Add to this other moments – discovering yet another friend is pregnant on Facebook; the baby photo contest that unexpectedly greets me in a meeting at work; the stranger who unknowingly asks us how many children we have…

Most call these unexpected disturbances TRIGGERS. I like to call them “INVISIBLE GORILLAS.”

(You must watch this video, or this next part won’t make any sense…)

Belated SPOILER ALERT! I’m sorry if the title gave it away. Just in case, here is another brain game to test your wits further. This clip from National Geographic’s “Brain Games” does an excellent job explaining this strange psychological phenomenon.

Psychologists call this phenomenon “selective attention” or “selective perception.”

As they theorize, the brain can only take in and process so much information at a time. When it becomes overwhelmed by outer stimuli, your brain must then choose and prioritize what it will focus on in a given moment. Like a spotlight, the mind will zero in and direct its attention to the basketball players passing the ball or on the girls in green doing double dutch, for example. But in doing so, it may miss the giant gorilla or the dancing chicken entirely. Blinded by the brain’s focus, the gorilla becomes invisible…

…unless you are looking for it.

Living in a world of triggers feels like living surrounded by giant and dangerous gorillas, all ready to pounce and to pulverize us. Our brains’ spotlights are constantly on edge and on the lookout for them. Defensively, we seek these gorillas out before they can hurt us. Suddenly, there are babies, pregnant bellies, and other overwhelming triggers everywhere. And when we see them, these giant gorillas are so big and so obvious to us that it seems impossible that they are actually invisible to the blinded world around us. Usually, the world just does not see, like we do, that these beautiful babies are really gorillas wearing a dangerous disguise.
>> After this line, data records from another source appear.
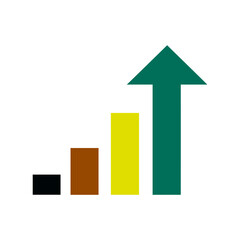 Growth bar chart with upward arrow isolated on transparent background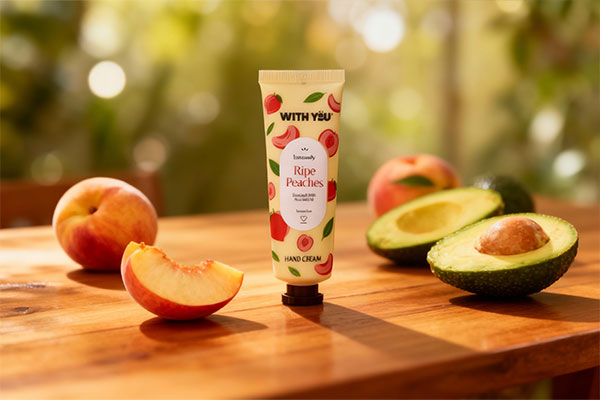 کرم دست هلو ویت یو همراه با هلو و آووکادو تازه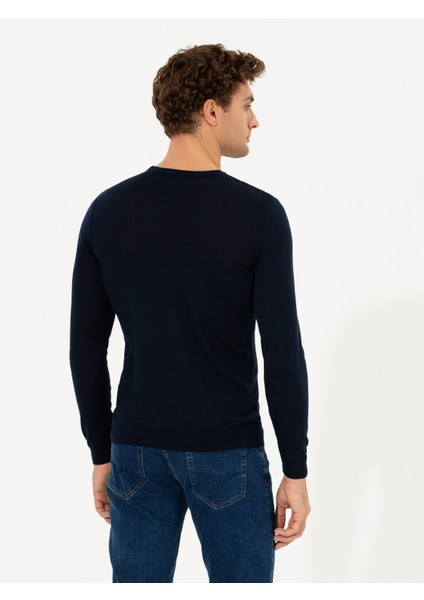 Erkek Lacivert Slim Fit Bisiklet Yaka Basic Triko Kazak 50237038-VR033 indirimleri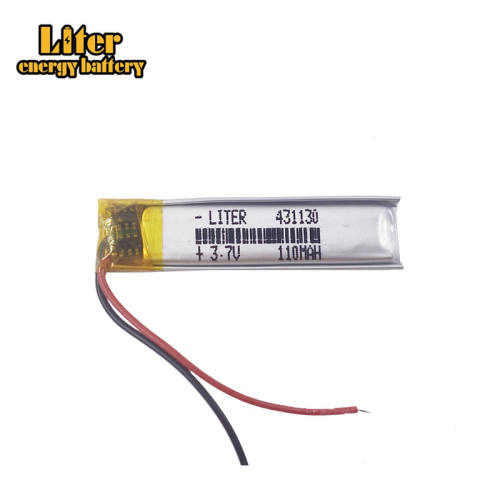 431130 3.7V 110mAh Liter energy battery lithium ion rechargable battery For MP3 DVR PEN Bluetooth DIY audio Toys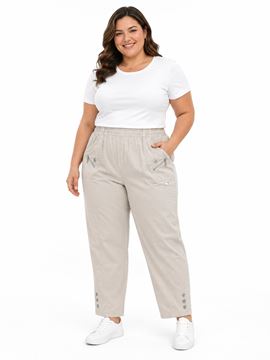 Immagine di STRETCH TROUSER WITH ELASTIC WAIST - COTTON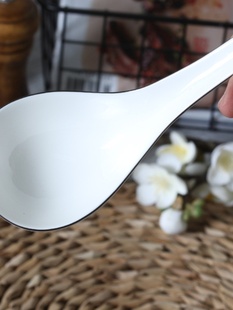 长柄勺子陶瓷勺创意纯白色骨瓷勺子套装 大汤勺 骨瓷餐具大马戈勺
Sometimes babies come with trigger warnings; most often, they don’t.

This week, for example, I appreciated when my boss pulled me aside to let me know that a colleague had her baby. I find that the gorillas are less powerful when I know that others can see them too. If I am prepared in advance for an announcement and it is not sprung on me in surprise, I can handle it much better.

However, even the most well-intentioned people may not see every gorilla or know when one is attacking me.
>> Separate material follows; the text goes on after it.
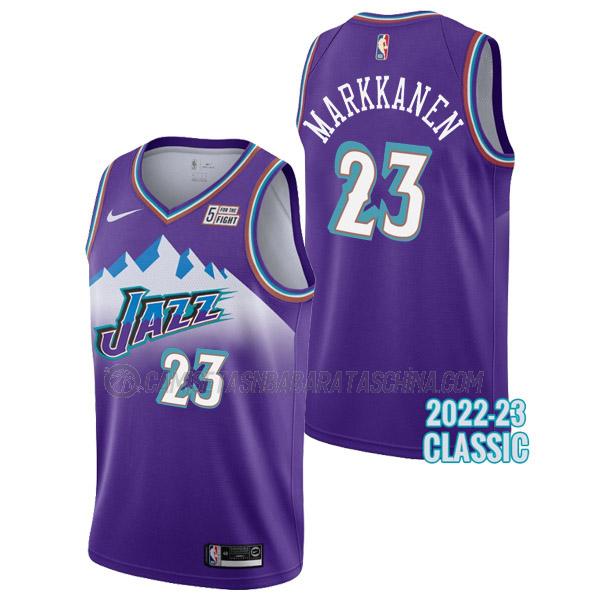 camiseta lauri markkanen utah jazz de 23 hombre classic edition 2023 púrpura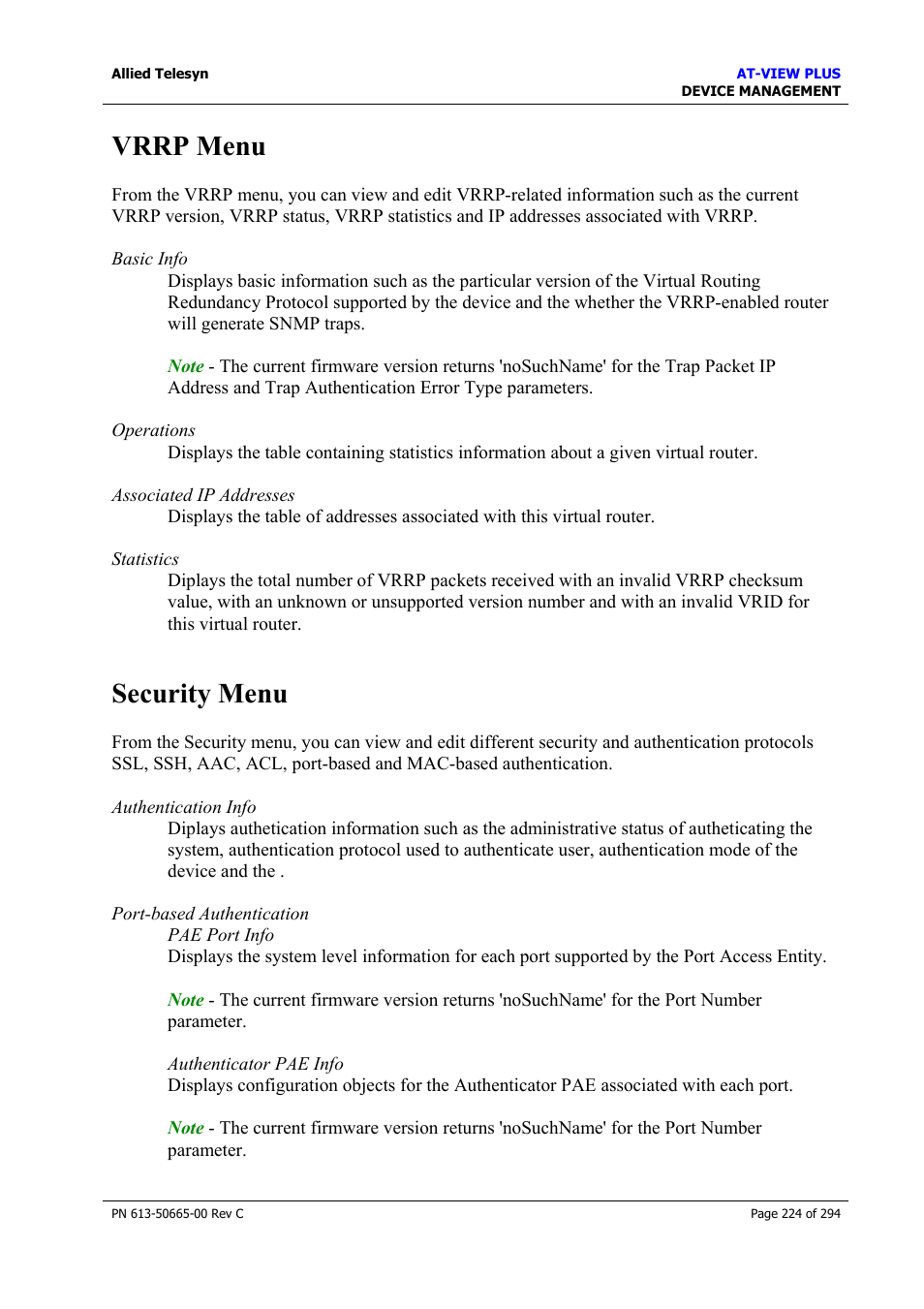 Vrrp menu, Security menu, Vrrp menu security menu | Allied Telesis AT-VIEW PLUS 3.2 DEVICE MANAGEMENT User Manual | Page 224 / 294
Also at work this week, I cried tears of gratitude as I thanked my colleagues during our staff meeting for all of their support and compassion after the stillbirth of our sons. They clapped and welcomed me back, expressing their own gratitude for my health and for the chance that they had to attend the funeral. My colleagues have been so helpful and so compassionate for us, and since they were aware of my pain and that I have been so open with my grief, I just assumed that they could see my gorillas too. After all, my boss had just evidenced his sensitivity when he told me about my coworker’s baby in private.

However, what makes invisible gorillas so dangerous is the fact that they are invisible. In the moment immediately after my heartfelt and heart wrenching announcement of gratitude, my boss moved down to the next item on the agenda, which I had not seen – a baby photo contest. In my absence, each of my colleagues had submitted a baby photo so everyone could guess which photo belonged to each person. Caught off guard, I was completely unprepared when the projector screen raised slowly to reveal a wall full of baby pictures – each baby actually a gorilla in disguise. 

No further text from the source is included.